### EXERCISE GOAL
The line containing "Bisiklet Yaka Love Baskılı Sweatshırt BEJ" marks the end: output every line of the data up to it, and that line too, exactly as written.
----------------------------------------
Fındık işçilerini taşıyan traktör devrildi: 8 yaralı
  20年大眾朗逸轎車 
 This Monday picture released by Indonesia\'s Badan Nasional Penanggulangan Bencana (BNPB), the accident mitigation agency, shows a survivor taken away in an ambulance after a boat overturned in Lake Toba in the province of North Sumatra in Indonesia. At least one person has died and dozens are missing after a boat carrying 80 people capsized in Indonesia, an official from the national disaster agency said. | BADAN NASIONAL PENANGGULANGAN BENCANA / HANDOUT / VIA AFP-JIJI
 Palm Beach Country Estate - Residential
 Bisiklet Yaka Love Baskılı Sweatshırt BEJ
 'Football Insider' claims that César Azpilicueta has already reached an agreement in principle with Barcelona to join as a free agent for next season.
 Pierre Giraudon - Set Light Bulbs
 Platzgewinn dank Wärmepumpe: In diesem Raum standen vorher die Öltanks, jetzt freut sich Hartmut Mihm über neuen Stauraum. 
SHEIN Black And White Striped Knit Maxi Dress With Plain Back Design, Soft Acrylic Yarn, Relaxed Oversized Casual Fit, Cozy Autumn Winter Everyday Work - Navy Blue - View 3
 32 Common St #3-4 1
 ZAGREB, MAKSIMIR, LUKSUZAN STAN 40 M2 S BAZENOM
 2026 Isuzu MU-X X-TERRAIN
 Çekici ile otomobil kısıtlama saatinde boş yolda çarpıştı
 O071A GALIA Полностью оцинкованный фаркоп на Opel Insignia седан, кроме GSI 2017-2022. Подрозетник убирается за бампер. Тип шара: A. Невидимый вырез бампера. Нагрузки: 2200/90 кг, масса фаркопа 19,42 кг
----------------------------------------
### RESPONSE BOX
Fındık işçilerini taşıyan traktör devrildi: 8 yaralı
  20年大眾朗逸轎車 
 This Monday picture released by Indonesia\'s Badan Nasional Penanggulangan Bencana (BNPB), the accident mitigation agency, shows a survivor taken away in an ambulance after a boat overturned in Lake Toba in the province of North Sumatra in Indonesia. At least one person has died and dozens are missing after a boat carrying 80 people capsized in Indonesia, an official from the national disaster agency said. | BADAN NASIONAL PENANGGULANGAN BENCANA / HANDOUT / VIA AFP-JIJI
 Palm Beach Country Estate - Residential
 Bisiklet Yaka Love Baskılı Sweatshırt BEJ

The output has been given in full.